_What you are asked to do:_ How do the records below read from their first line through the line containing "San Carlos de"? Write those lines out exactly.

Recorded data:
——

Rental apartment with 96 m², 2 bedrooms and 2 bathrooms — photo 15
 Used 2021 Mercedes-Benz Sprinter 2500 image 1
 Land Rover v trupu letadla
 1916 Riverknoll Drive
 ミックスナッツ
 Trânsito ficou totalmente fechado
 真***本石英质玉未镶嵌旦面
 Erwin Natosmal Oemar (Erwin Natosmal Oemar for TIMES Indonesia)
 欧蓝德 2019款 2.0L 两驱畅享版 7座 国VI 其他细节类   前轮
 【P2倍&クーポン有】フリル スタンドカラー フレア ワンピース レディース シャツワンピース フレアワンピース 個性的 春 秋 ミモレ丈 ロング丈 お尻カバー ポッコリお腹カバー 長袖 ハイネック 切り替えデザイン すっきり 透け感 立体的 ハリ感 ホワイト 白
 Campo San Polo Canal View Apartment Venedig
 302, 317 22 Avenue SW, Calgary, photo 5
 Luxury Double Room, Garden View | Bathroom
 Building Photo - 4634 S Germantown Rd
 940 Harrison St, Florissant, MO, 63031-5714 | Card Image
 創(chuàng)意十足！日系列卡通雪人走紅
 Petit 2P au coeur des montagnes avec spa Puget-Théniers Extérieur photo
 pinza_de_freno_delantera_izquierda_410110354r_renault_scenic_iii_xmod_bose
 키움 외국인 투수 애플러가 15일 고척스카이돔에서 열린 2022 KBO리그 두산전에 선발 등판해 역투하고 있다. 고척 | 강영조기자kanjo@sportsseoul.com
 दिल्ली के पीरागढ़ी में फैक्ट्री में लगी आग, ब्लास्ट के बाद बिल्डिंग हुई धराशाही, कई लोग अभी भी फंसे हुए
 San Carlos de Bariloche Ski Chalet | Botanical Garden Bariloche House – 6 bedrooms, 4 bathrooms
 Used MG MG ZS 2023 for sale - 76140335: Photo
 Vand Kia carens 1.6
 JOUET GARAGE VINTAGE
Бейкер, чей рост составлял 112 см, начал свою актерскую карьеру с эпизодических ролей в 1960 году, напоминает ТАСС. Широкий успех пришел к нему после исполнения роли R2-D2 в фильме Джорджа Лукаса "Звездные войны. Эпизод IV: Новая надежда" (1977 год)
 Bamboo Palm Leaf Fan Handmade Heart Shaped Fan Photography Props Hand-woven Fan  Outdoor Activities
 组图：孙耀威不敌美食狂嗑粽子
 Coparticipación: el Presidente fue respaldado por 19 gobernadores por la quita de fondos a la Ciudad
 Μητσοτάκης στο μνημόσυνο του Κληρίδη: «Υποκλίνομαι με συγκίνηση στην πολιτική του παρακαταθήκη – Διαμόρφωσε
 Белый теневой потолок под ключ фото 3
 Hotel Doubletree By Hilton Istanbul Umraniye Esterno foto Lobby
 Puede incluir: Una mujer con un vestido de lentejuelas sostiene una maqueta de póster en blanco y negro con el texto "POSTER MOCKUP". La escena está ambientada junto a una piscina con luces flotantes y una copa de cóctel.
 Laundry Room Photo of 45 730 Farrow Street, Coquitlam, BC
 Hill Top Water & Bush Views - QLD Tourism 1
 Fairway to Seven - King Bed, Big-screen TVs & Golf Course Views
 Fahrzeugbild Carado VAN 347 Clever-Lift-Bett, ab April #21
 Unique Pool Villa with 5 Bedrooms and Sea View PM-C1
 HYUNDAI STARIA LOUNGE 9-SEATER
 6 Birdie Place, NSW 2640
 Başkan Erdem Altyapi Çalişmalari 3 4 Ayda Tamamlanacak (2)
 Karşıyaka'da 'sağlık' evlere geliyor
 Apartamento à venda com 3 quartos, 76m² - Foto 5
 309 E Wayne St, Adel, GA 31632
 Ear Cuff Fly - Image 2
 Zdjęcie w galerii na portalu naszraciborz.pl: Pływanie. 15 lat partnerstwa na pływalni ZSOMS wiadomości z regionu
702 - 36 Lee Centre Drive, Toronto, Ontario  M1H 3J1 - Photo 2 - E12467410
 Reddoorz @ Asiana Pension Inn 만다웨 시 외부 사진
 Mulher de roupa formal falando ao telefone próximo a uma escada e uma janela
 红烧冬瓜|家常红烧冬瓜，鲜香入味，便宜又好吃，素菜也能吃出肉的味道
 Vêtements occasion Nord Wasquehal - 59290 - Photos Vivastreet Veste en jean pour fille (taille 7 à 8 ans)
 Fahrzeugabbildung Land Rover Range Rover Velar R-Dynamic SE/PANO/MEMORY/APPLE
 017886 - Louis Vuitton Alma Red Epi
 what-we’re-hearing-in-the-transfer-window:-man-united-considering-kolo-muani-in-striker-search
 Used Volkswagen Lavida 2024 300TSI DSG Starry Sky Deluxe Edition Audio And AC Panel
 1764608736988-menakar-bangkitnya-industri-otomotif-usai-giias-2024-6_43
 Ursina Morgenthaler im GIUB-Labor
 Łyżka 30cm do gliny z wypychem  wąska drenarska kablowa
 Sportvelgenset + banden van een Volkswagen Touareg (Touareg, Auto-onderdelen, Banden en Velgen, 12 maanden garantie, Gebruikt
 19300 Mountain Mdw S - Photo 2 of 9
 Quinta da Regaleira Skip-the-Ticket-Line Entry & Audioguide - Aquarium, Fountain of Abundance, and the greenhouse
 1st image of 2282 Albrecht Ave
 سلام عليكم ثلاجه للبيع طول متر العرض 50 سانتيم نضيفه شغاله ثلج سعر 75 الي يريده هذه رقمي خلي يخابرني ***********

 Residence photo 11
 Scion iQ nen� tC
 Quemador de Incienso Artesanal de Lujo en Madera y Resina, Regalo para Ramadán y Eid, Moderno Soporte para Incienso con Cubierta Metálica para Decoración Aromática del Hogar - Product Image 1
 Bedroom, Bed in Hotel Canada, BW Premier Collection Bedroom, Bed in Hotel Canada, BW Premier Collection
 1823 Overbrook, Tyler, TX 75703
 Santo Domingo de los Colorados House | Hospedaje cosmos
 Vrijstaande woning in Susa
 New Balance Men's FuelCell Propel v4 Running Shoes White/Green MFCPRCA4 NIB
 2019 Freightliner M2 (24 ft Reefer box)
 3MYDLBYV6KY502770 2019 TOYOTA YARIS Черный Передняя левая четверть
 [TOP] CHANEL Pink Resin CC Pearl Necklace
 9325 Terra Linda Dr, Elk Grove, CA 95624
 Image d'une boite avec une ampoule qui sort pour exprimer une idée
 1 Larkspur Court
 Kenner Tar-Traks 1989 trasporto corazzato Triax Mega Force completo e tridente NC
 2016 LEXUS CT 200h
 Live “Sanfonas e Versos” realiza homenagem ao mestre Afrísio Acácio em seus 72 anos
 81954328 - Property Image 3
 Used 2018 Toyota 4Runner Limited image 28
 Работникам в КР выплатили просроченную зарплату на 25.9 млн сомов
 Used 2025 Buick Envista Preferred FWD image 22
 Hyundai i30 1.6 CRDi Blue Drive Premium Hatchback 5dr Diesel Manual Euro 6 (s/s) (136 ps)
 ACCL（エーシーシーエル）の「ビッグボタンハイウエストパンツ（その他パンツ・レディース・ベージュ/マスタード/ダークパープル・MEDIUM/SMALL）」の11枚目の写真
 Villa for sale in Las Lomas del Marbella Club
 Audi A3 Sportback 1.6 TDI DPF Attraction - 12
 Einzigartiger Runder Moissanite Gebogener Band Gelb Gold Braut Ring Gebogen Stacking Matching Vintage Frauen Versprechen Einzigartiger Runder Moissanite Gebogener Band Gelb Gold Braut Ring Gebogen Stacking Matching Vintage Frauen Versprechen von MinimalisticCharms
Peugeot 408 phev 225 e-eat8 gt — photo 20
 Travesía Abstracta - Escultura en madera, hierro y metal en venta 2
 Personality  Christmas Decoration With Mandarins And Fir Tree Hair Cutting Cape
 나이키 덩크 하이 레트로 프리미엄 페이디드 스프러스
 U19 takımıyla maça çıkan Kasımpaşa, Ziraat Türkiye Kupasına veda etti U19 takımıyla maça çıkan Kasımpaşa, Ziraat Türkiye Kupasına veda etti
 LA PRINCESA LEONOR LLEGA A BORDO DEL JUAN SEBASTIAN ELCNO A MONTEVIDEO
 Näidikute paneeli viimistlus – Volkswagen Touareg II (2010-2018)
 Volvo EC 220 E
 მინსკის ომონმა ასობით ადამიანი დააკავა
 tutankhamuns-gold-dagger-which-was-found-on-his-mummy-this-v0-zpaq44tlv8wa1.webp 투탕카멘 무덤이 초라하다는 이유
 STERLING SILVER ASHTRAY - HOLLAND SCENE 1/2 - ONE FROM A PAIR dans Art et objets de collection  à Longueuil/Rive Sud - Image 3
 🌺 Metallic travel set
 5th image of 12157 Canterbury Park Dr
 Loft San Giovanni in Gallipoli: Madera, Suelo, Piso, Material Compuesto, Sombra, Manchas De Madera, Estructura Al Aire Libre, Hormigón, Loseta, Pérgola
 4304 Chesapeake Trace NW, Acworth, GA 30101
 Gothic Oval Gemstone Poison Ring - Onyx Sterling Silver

——

_Written answer:_
Rental apartment with 96 m², 2 bedrooms and 2 bathrooms — photo 15
 Used 2021 Mercedes-Benz Sprinter 2500 image 1
 Land Rover v trupu letadla
 1916 Riverknoll Drive
 ミックスナッツ
 Trânsito ficou totalmente fechado
 真***本石英质玉未镶嵌旦面
 Erwin Natosmal Oemar (Erwin Natosmal Oemar for TIMES Indonesia)
 欧蓝德 2019款 2.0L 两驱畅享版 7座 国VI 其他细节类   前轮
 【P2倍&クーポン有】フリル スタンドカラー フレア ワンピース レディース シャツワンピース フレアワンピース 個性的 春 秋 ミモレ丈 ロング丈 お尻カバー ポッコリお腹カバー 長袖 ハイネック 切り替えデザイン すっきり 透け感 立体的 ハリ感 ホワイト 白
 Campo San Polo Canal View Apartment Venedig
 302, 317 22 Avenue SW, Calgary, photo 5
 Luxury Double Room, Garden View | Bathroom
 Building Photo - 4634 S Germantown Rd
 940 Harrison St, Florissant, MO, 63031-5714 | Card Image
 創(chuàng)意十足！日系列卡通雪人走紅
 Petit 2P au coeur des montagnes avec spa Puget-Théniers Extérieur photo
 pinza_de_freno_delantera_izquierda_410110354r_renault_scenic_iii_xmod_bose
 키움 외국인 투수 애플러가 15일 고척스카이돔에서 열린 2022 KBO리그 두산전에 선발 등판해 역투하고 있다. 고척 | 강영조기자kanjo@sportsseoul.com
 दिल्ली के पीरागढ़ी में फैक्ट्री में लगी आग, ब्लास्ट के बाद बिल्डिंग हुई धराशाही, कई लोग अभी भी फंसे हुए
 San Carlos de Bariloche Ski Chalet | Botanical Garden Bariloche House – 6 bedrooms, 4 bathrooms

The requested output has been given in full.